Starting with the line that holds "Sinsingirl - Kawaii" and stopping after the line that holds "Un personnage du", repeat the lines below word for word, without the pictures.
[[ Information given, beginning ]]
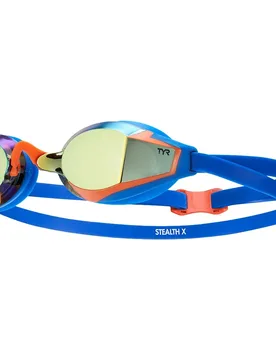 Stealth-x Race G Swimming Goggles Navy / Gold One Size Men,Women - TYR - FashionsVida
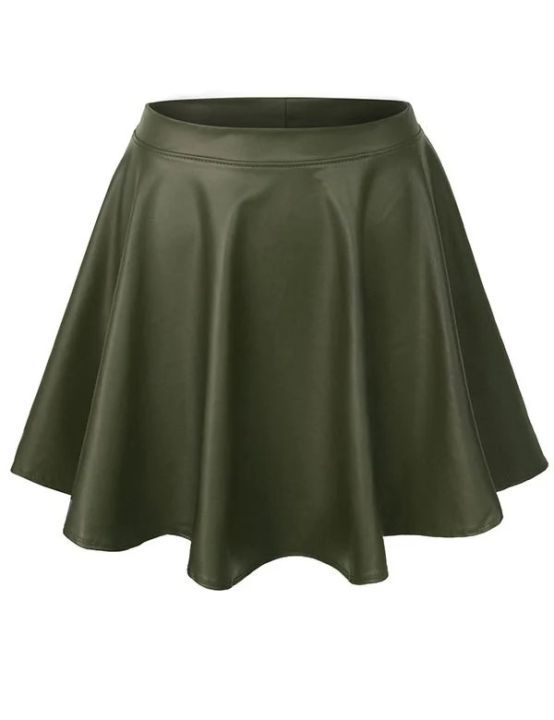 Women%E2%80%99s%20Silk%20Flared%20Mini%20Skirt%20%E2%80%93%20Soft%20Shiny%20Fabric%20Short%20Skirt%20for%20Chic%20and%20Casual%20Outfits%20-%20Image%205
[[ Information given, end ]]
[[ Information given, beginning ]]
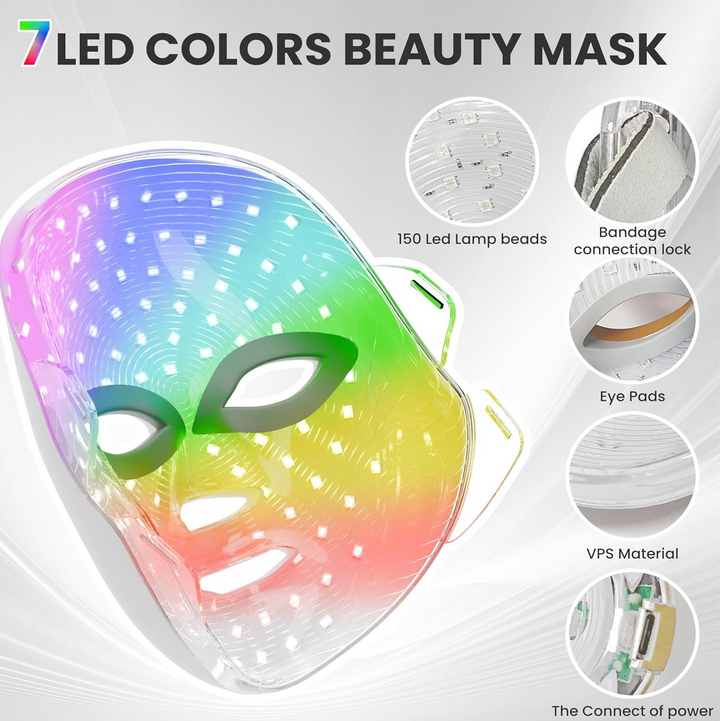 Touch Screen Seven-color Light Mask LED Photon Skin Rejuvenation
[[ Information given, end ]]
[[ Information given, beginning ]]
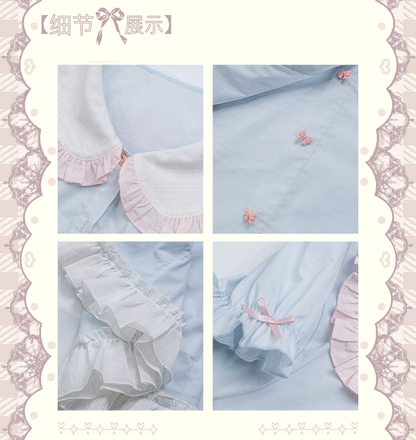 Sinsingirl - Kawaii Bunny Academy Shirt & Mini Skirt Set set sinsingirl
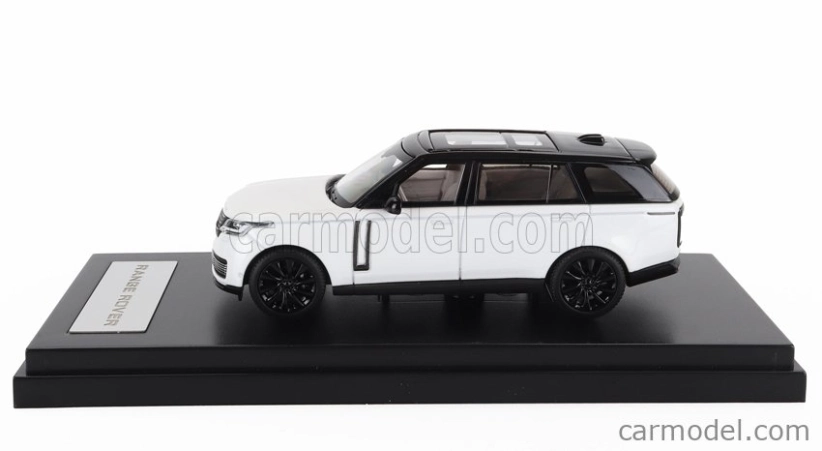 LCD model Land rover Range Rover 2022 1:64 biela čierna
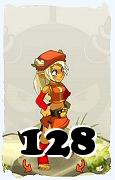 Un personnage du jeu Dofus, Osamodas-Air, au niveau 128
[[ Information given, end ]]
**Solution**.
 Sinsingirl - Kawaii Bunny Academy Shirt & Mini Skirt Set set sinsingirl
 LCD model Land rover Range Rover 2022 1:64 biela čierna
 Un personnage du jeu Dofus, Osamodas-Air, au niveau 128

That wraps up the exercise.